The Intel Movidius Myriad 2 VPU is a system-on-chip (SoC) design that enables high-performance, on-camera image processing and inference, as illustrated in Figure 3. Key features of the VPU include the following:

• Hardware accelerators for image processing are purpose-built for imaging and computer vision.

• Streaming hybrid architecture vector engine (SHAVE) processor cores accelerate on-camera inference based on CNNs, with a very long instruction word (VLIW) architecture, including vector data processing that is more optimized for the branching logic of neural networks than the more general-purpose cores found in graphics processing units (GPUs).

• General-purpose RISC CPU cores support interaction with external systems, parse and schedule workload processing on the SHAVE processor cores, and execute the actual on-camera inferences.

The advanced firmware that ships with the Firefly adds significant value. Key firmware machine-vision features include the USB3 Vision protocol, eight- and 16-bit raw pixel formats, pixel binning, and selectable region of interest. In addition, the firmware offers control of the four GPIO ports, allowing other systems to trigger the camera, as well as enabling the camera to trigger external equipment such as lighting, actuators, or other cameras.

The FLIR Firefly camera marries machine vision and deep learning by combining excellent image quality with Sony Pregius* sensors, GenICam* compliance for ease of use, and an Intel Movidius Myriad 2 VPU for performing deep neural network inference. Firefly’s ultra-compact footprint and low power consumption make it ideal for implementations with space and power constraints, such as handheld and embedded systems. The camera is also equipped with a USB port for host connectivity as well as four bi-directional general-purpose input/output (GPIO) lines for connection to other systems.
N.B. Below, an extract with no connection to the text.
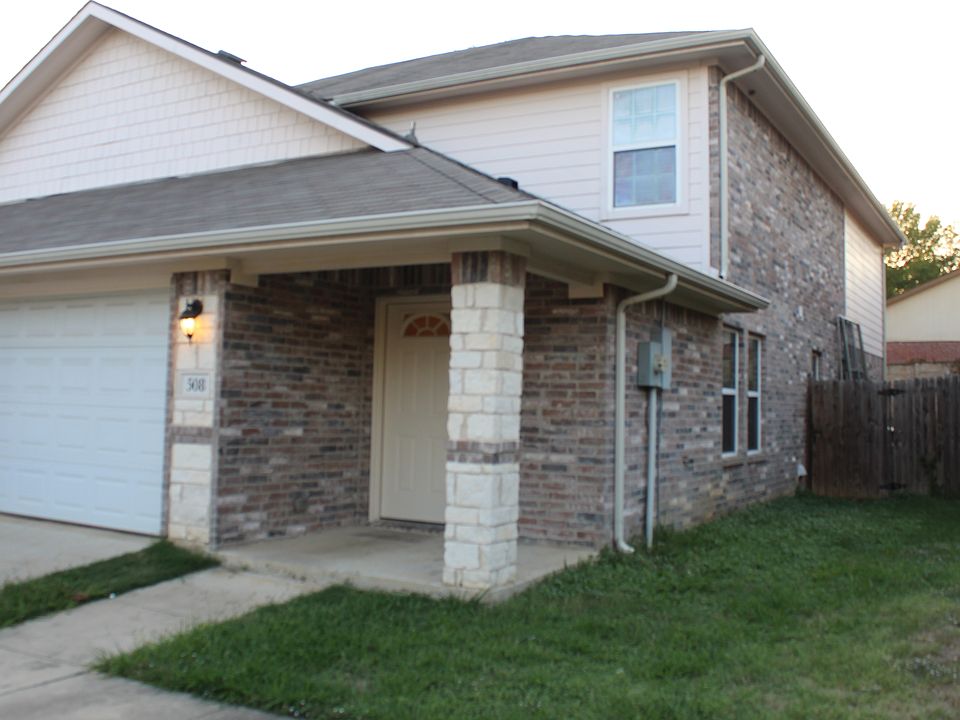 1st image of 508 Bellevue Ln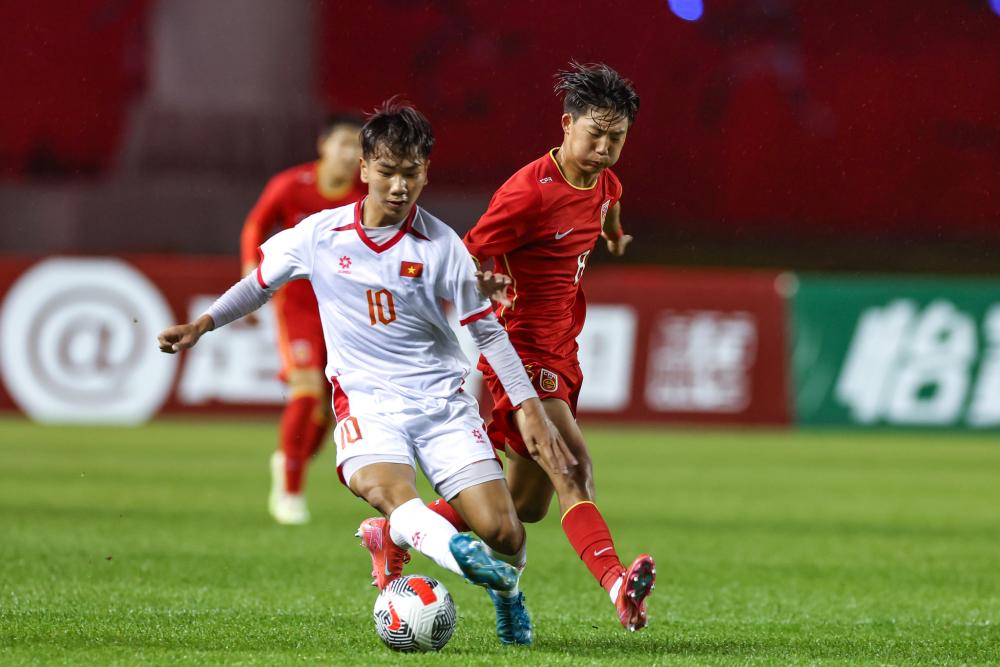 阿莫林谈球队变化：细节更好了，球员们饭后一起待的时间更长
The initial version of the Firefly uses a 1.6 MP Sony Pregius CMOS image sensor. This 60-FPS global shutter sensor features excellent imaging performance, even in challenging lighting conditions. Future iterations of the Firefly camera will offer increased flexibility with additional sensor options.

Figure 2. Use of the onboard image signal processor and CPU enable the Firefly® camera—including its onboard processing hardware—to be very small in size.

“The inspiration for Firefly is to subjectively analyze visual information. For example, it can inspect a manufactured part and identify defects that no one has ever seen before or even anticipated seeing. The result will be automation of visual tasks that

previously could only be handled by humans.”

– Mike Fussell, Product Marketing Manager, FLIR Systems

Figure 1. The FLIR® Firefly® camera was tested (left) with the Intel® Movidius™ Neural Compute Stick and prototyped (right) with the Intel® Movidius™ Myriad™ 2 vision processing unit.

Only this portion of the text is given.